**Action item**
Please output exactly the lines below, starting at the line that has "0_produkt_sciereczki_domowe_z_nadrukiem_38x38cm.jpg" and ending at the line that has "3350 N Key Dr", both included; leave out all pictures and include nothing else.

**Entries shown**
******************************
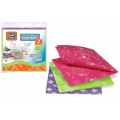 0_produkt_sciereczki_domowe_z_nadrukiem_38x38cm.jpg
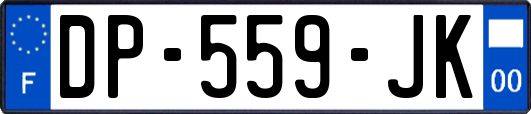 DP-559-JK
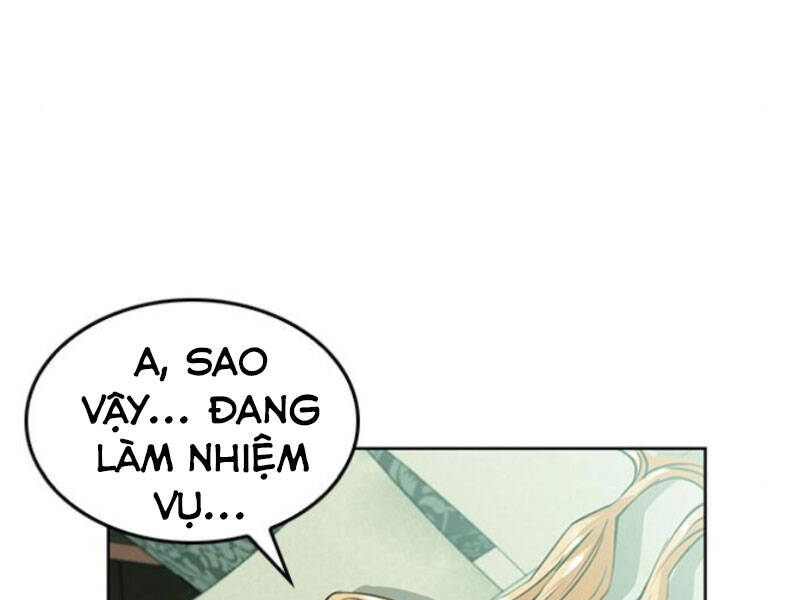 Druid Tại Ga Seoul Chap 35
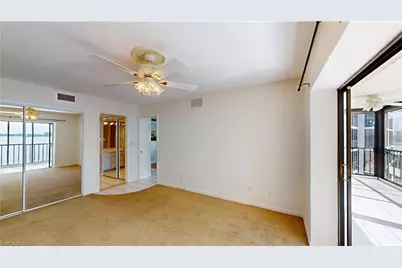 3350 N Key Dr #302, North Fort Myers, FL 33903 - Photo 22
******************************
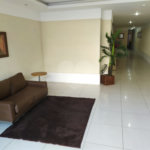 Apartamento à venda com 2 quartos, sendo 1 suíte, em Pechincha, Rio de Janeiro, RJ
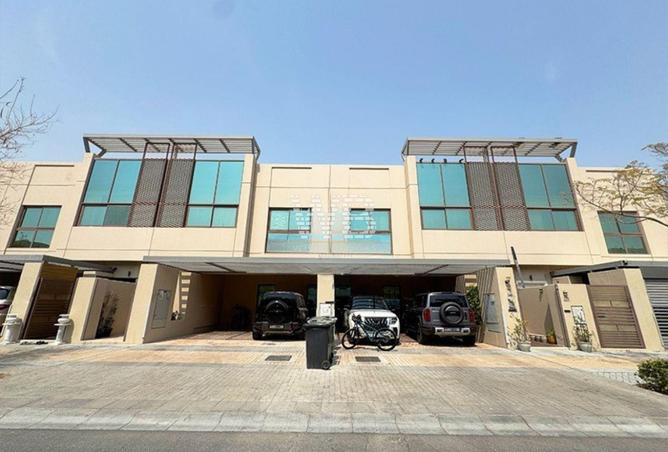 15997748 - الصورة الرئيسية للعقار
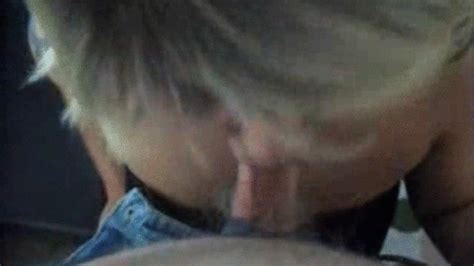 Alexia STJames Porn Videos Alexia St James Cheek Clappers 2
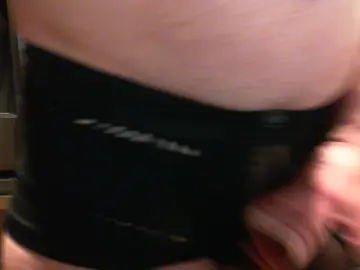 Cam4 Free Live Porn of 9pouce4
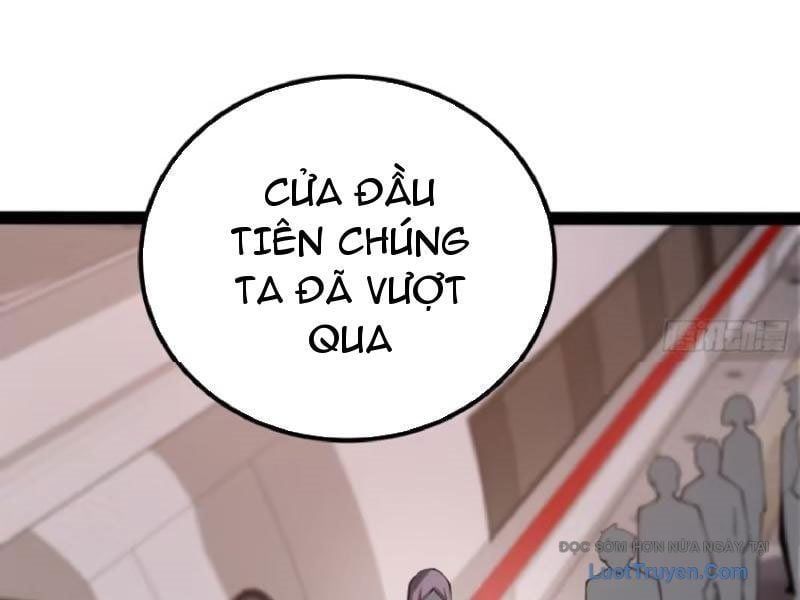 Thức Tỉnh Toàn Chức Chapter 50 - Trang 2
******************************
**Worked solution**
 0_produkt_sciereczki_domowe_z_nadrukiem_38x38cm.jpg
 DP-559-JK
 Druid Tại Ga Seoul Chap 35
 3350 N Key Dr #302, North Fort Myers, FL 33903 - Photo 22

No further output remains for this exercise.